Thanks, now I understand it.
The problem I had was this, which I imagine to exist with many other
non-computer scientists new to Julia.
This topic is discussed under the parametric type section of the manual,
and since I had not attempted to use parametric types (the things with
the mysterious T), I didn't bother to read that section. I ran into the
problem with mostly arrays, and it is not obvious that things like
Array{Any,1} is a parametric type. So it became very strange to me when
Array{Int,1} can not be passed in the place of Array{Any,1}.
On 2014年11月27日 12:19, [email protected] wrote:
It is demonstrated in the manual at
http://docs.julialang.org/en/release-0.3/manual/types/#parametric-composite-types
that parametric types do not have any relationship even if their
parameter types have some relationship. Perhaps it would be better
emphasise that and to explain it simply and clearly for the
non-*computer* scientists as something like:
Two parametric types Sometype{T1} and Sometype{T2} have no subtype or
supertype relationship even if T1 has a subtype or supertype
relationship to T2.
Cheers
Lex
On Thursday, November 27, 2014 1:37:53 PM UTC+10, John Myles White wrote:
All types do have Any as a parent.
It is clear that many people are confused about what covariance,
contravariance and invariance mean in computer science. As such, I
very strongly encourage everyone who isn't sure that they
understand Julia's type system to read through the wikipedia
article on covariance and contravariance:
http://en.wikipedia.org/wiki/Covariance_and_contravariance_%28computer_science%29
<http://en.wikipedia.org/wiki/Covariance_and_contravariance_%28computer_science%29>
Perhaps the Julia manual should have a "prerequisites" section
that lists all of the concepts that readers are assumed to already
understand.
-- John
On Nov 26, 2014, at 7:27 PM, K Leo <[email protected]
<javascript:>> wrote:
> I ran into similar mental difficulty regarding whether type Any
is a superset of any other types. I did not find anything to
read, but simply accepted the fact through painstaking experiments.
>
> I think the word "Any" here is confusing. The English
definition of it means that it ought to include any types.

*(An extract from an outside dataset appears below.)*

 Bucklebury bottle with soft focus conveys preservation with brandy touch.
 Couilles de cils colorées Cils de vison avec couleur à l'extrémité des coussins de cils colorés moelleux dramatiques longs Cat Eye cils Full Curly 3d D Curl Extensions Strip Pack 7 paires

Perhaps we should seek other word to define this type. Word like
"Mixed" might be more appropriate for this?
>
> On 2014年11月27日 08:17, Patrick O'Leary wrote:
>>
>> You've hit type invariance. In Julia, parametric types are
invariant--that is, Dict{ASCIIString,Float64} is not a subtype of
Dict{ASCIIString,Any}.
>>
>> For more information on why we use invariant parametric types,
search the list for "parametric invariant" or similar; there have
been a few discussions on the topic.